当然ですが会社の強み・商品の知識や特徴は頭に焼き付いていることでしょう。

「リアル営業」では、チラシやパンフレット、DM等の配布、イベント開催、新商品キャンペーン、割引セールなどの営業活動を随時行なっていると思います。

そこには日々洗練されて行く営業マンのセールストーク、チラシやDMならホットなキーワードを絡めたキャッチコピーなど「活きた言葉」が飛び交っていることでしょう。

ホームページでも同様に、その活きた言葉を使って「ネット営業」として「リアル営業」と同じことを行なっていけば、リアル営業と比較してもはるかに安いコストで運用できます。

次に、「時間」または「資金」について。

時間と資金ではなく、時間または資金と表現した理由は、「資金に余裕があれば、時間を買うことができる」、逆に「資金が限られているならば時間でカバーができる」からです。

極端に言うと、予算ゼロでも体ひとつあればホームページは制作と運用が可能です。

その場合、勉強(ネットで検索したり本を読んだり)をしてノウハウを自分のものにする熱意と習得する時間が必要(時間でカバー)となりますが不可能ではありません。

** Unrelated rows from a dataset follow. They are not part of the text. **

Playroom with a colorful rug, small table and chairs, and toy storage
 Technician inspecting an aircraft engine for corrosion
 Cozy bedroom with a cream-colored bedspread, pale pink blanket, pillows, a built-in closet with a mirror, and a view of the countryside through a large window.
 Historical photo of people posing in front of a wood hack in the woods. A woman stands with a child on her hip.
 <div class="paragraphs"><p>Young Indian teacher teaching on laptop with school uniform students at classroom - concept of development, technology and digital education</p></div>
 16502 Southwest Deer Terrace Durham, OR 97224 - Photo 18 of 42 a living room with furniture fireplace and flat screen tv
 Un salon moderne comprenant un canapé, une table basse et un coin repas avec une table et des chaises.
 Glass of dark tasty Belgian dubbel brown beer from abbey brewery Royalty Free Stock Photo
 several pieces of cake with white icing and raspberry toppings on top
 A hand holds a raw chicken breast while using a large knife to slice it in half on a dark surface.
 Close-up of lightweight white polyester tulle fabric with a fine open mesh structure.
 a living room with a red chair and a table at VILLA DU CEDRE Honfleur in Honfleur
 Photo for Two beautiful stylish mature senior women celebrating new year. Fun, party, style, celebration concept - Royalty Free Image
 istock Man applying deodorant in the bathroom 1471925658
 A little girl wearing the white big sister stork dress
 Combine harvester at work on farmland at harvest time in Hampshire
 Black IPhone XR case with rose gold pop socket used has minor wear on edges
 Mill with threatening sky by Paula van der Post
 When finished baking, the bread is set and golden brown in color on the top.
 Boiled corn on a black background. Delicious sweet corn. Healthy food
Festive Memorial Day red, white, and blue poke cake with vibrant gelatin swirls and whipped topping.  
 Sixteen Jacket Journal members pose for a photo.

逆に資金に余裕があれば、ネット広告を利用するなどしての展開が可能です。

その場合、結果が出るまでの時間を短縮できます。

「予算なし&全て自分で」を0、「費用全額負担&業者に丸投げ」を100という数値で表し、自分のお店・会社は0~100のどこらへんに位置するのかを把握しておくとブレない進め方の助けとなります。

その仕組みが社内に出来上がり、ホームページで売上を確保するルーティンとなれば、ネット上に顧客が生まれ続け、リピーターへと育ち、定義に沿った文字どおりの「継続して来店・問い合わせ・申し込み・注文・予約などがあり、その売上が会社の一つの軸となるホームページ」となるのです。